The September Ensign ran an article warning of the marital danger when one spouse has a close friend of the opposite sex. First Thessalonians 5:22 was cited to caution LDS members to avoid the appearance of evil. Even though the footnotes in the LDS NT identify the Greek word for “appearance” as actually “kinds,” the KJV mistranslation is regularly quoted in conference addresses and offical Church publications. I object to citing this mistranslation as doctrine—not because I’m interested in cheating on George—even assuming I could find someone willing to accommodate my indiscretion—but because that erroneous message creates rather than resolves problems of human relationships.
One-dimensional thinking about male/female relationships results in a constipated fear that married persons should never interact with a member of the opposite sex alone. Unless a person works for a unisex business, this mindset makes the workplace difficult or at least inconvenient. One morning George left for work without noticing the flat tire on my car.
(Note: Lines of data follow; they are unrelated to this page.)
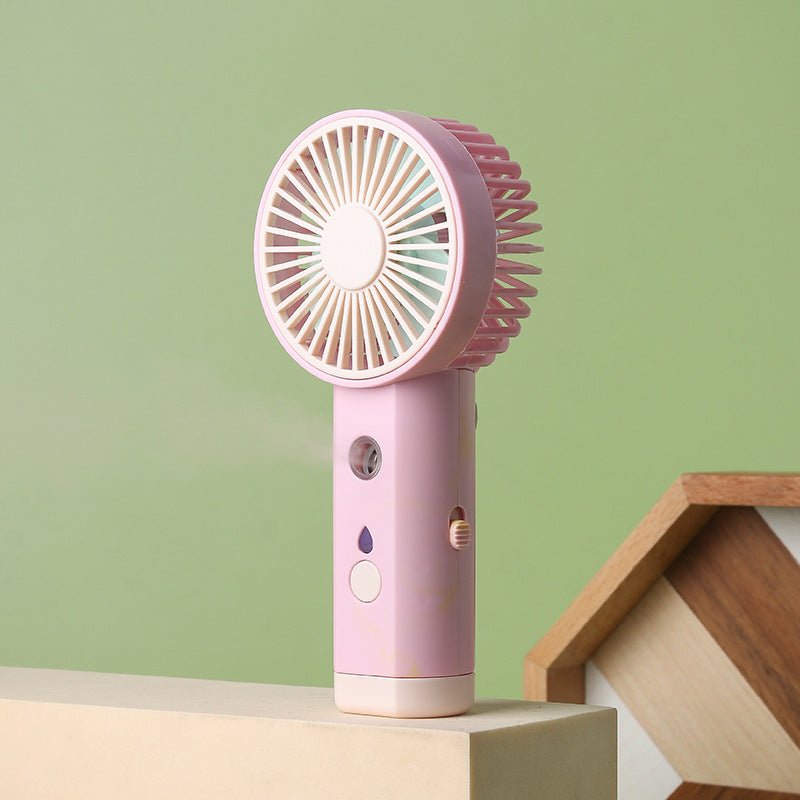 Kühlender tragbarer wiederaufladbarer Handheld-Mini-Ventilator mit einstellbarem Luftstrom, leisem Motor und USB-Ladefunktion Brehn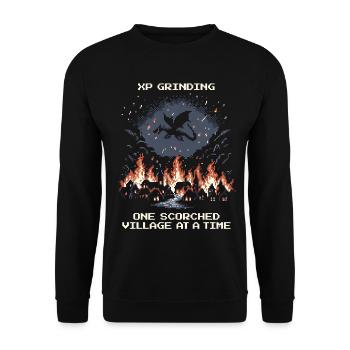 Grinding XP: Burned village by village | Dragon - Unisex Sweatshirt - black - Front - Alina (178cm) & Michal (187cm)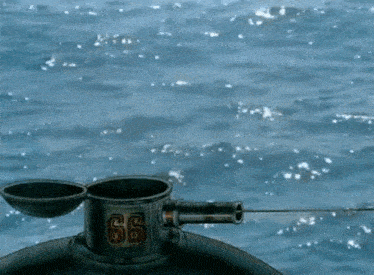 a can with the number 66 on it is floating in the water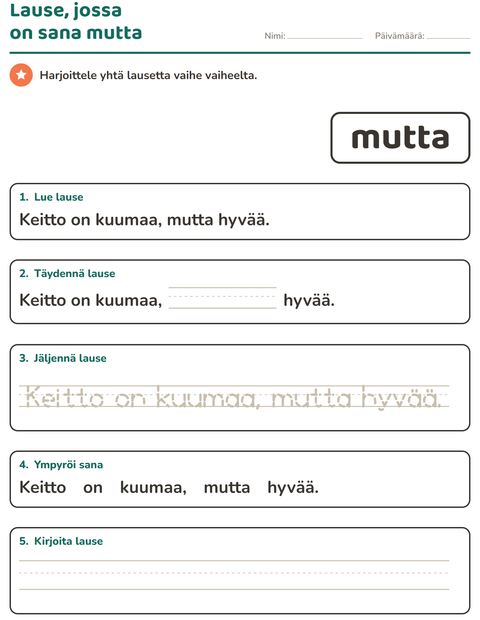Esikatselu: Yleiset sanat-tehtäväarkki, Esiopetus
When I rushed out the door to head for school and saw the tire, I knew I didn’t have time to try my hand at fixing the flat and I was too late to catch a colleague who lived nearby. My principal lived about a mile north of our house and didn’t arrive as early as we teachers. I called to ask him to swing by and pick me up. He hemmed. He hawed. He asked if I couldn’t call one of the teachers already at school to drive back and pick me up. What was his problem? My house wasn’t more than a couple of minutes out of his way. Finally, he agreed to stop for me. Later, it occurred to me that since he was the bishop of his ward, he must have thought it improper to pick up a teacher for a two-mile ride to school even though the teacher was 20 years his senior and resembled his mother more than a potential girl friend. Maybe I should have been flattered that he feared somebody might mistake me for a cougar.
But back to the Ensign article. I think the author missed the point. Cross-gender friendships don’t threaten a marriage. Lack of friendship between husband and wife threatens a marriage. Spouses who are happy at home seldom stray no matter how green the surrounding pastures. And even the most saintly Saint may attach romantic feelings to another party if her own marriage isn’t satisfying. A Relief Society president in my former ward confessed to having been attracted to a married man with whom she worked. Only the thought of the devastation she would cause her children brought her back from the brink of transgression. While I don’t normally condone marital infidelity, I would have made an exception for Sherry—because she’s married to Lamar—the kind of guy who walks around like he’s just keistered the iron rod—all of it. For the sake of their children, I’m glad Sherry didn’t cheat on Lamar. But for her sake, I hope he dies first and leaves her a little time for a fling with a fun guy.